What do you think the brothers learned about their God? They could stop, look, and say, “Whoa. God preserved our lives— even though we wanted blood. God preserved us.” They had the chance to grasp God’s mercy.
Your world is a poor model of forgiveness. Politicians argue on television. The media only stokes division. Celebrities criticize leaders. Athletes lash out against owners. On social media you can say anything you want and no one (1) knows who you are and (2) can say something back to you. You live in this climate. That angry vengeance can soon affect you. Yet, what can you possibly learn about forgiveness from a society that knows nothing of God’s pardon? Nothing.

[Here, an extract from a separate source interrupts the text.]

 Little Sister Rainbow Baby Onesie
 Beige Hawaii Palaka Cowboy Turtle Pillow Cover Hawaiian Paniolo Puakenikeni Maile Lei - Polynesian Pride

When our hearts are set on the fact that God forgives us—individually(!) our views on forgiveness properly align. (1) Your marriage may have tense moments. Friends say: “Protect yourself! Leave her! Divorce him!” Yet, God never divorced you. Touched by that love, you work together. It means that you evaluate your own heart first, identify your proud grudges, and ask forgiveness. Then, living opposite than before, you love your spouse— even when it is you starting the action. (2) You may lose money. Society says, “Get even! Sue! Demand retribution!” Jesus does not even with you. Instead, he loses his life to make you even with him. You are willing to suffer loss, knowing that God will avenge those who are unrepentant (Romans 12:19). (3) Society promotes selfish, self-centered division. The one person you may not care for is also a human being. God knit that person together in the womb. God sent Jesus to die for that person. That individual is a soul for whom Christ died. While you may not become close friends, you treat each other with the forgiving love God has shown you (Ephesians 4:32).
Forgiveness will be unexpected in our world. Why? Because the sinful heart expects repayment! Yet, God has cleansed your hearts. He has set you apart to do the unexpected—to forgive, just as God forgave you.
Jesus teaches: Love your enemies, do good to those who hate you, bless those who curse you, pray for those who mistreat you. If someone strikes you on one cheek, turn to him the other also. If someone takes your cloak, do not stop him from taking your tunic. Give to everyone who asks you, and if anyone takes what belongs to you, do not demand it back. Do to others as you would have them do to you. (Luke 6:27-31). Does that sound fair? Does that sound repulsive?
We will struggle forgiving this side of eternity. The sinful heart still claws for revenge. Thank God that he does not act the same. God does what we would never expect. He kills the Innocent One so that we become innocent. He raises the Innocent One so that we may do the unexpected. God adjusts our view of forgiveness to meet his standard. You, touched by God’s love, it leaves you to ponder: What is Your Idea of Forgiveness?